CGBI COVERCAVE GIRL’S BIG IDEA is a story about Cave Girl who isn’t happy living in a cave.  It’s too dark, too cold, and too hard.  She comes up with an idea (with the help of her pet snake) for a new home, but her parents won’t listen to her.  They have always lived in a cave.  The way she is able to triumph despite the odds against her is exactly how we picture book writers try to give our main characters agency.  The conclusion to this story (without me giving away any spoilers) is quite satisfying and frankly inspiring.  And it made me wonder a lot about when people stopped living in caves historically, to be honest.  I’ve visited many museums around the world and seen many indigenous cultures early habitats on display.  Yet it never occurred to me to ask, “How did humans go from living in caves to the houses we live in today?” until I read this book.  It’s an interesting thought!

Welcome Laura!

Me: Can you tell us a little bit about your writing journey?  How long have you been writing?  Have you always wanted to write a picture book?  What brought you to this book?

Laura: I started writing with the aim of publication about 10 years ago, although I have always loved to write. I majored in English in college and I have a master’s degree in literary education. I also taught HS English for 6 years and my favorite part of the curriculum was creative writing. I have always kept journals and notebooks filled with stories and poems, but I only wrote for pleasure, never with the aim of putting any of my stories out into the world. It wasn’t until I had kids, that I really fell back in love with picture books. Of course, I loved them as a child, but as an adult I found a new appreciation for the art and the concise nature of the writing. About 10 years ago, I joined SCBWI and a critique group, and quickly fell in love with writing humorous picture books!

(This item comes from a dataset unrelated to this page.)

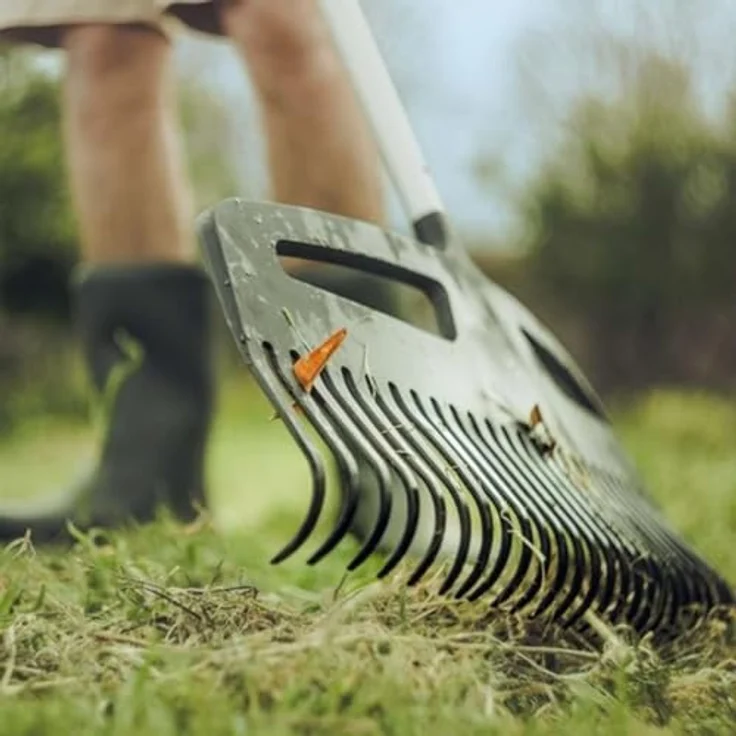 Titel: Fiskars Laubbesen mit extrem strapazierfähigen Zinken, Länge: 176 cm, Breite: 49 cm, Schwarz-Orange, Aluminium-Kunststoff, L, Xact, 1027037 – Bild 2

Me: I don’t think I’ve seen another picture book about cave people building a house.  What gave you the idea for this story?

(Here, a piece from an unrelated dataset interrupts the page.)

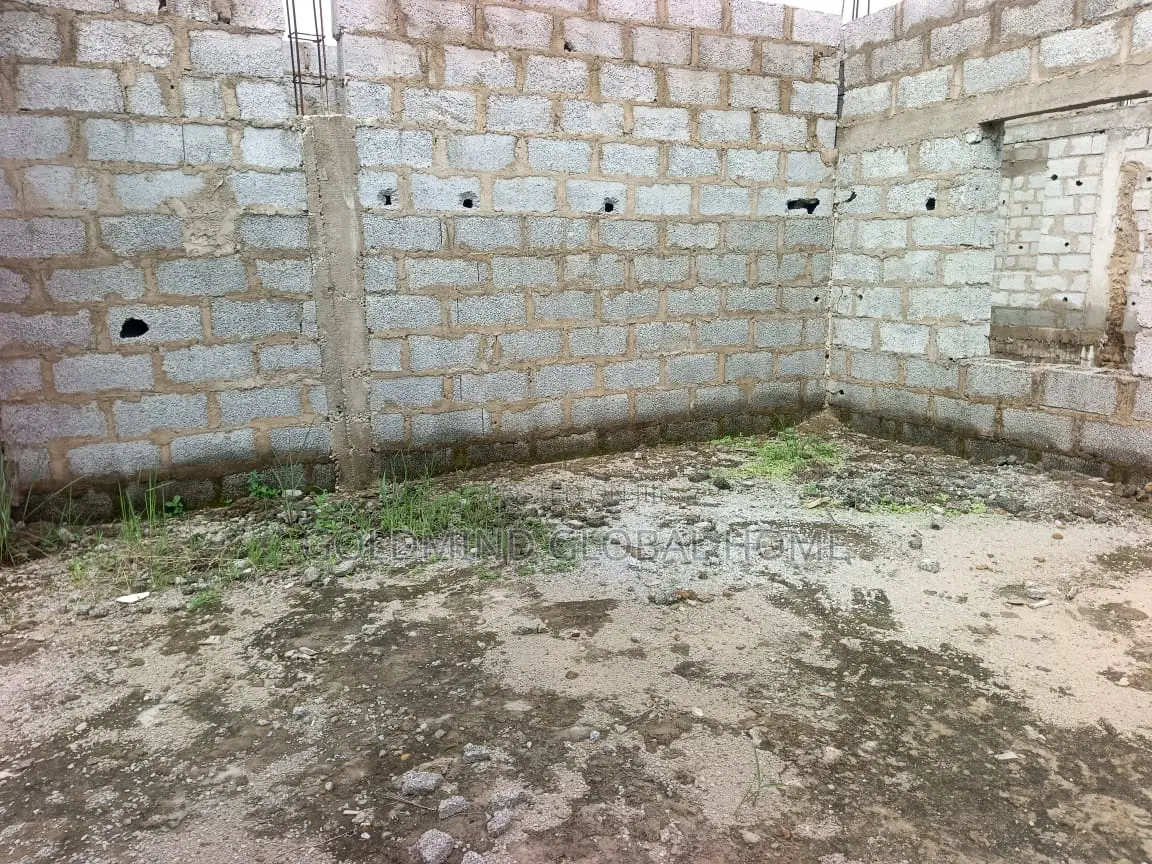 5bdrm Duplex in Dorita Estate, FHA for sale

Laura: My family and I went hiking in New Paltz, New York. New Paltz has lots of great trails and rock formations. It began to snow and I started to imagine what it must have been like living in pre-historic times.  Where would we find shelter?  I began to look at the rocks in a new way. Would any of these little caves and nooks make a good home?  They all looked uncomfortable to me, but they gave me inspiration for Cave Girl’s Big Idea.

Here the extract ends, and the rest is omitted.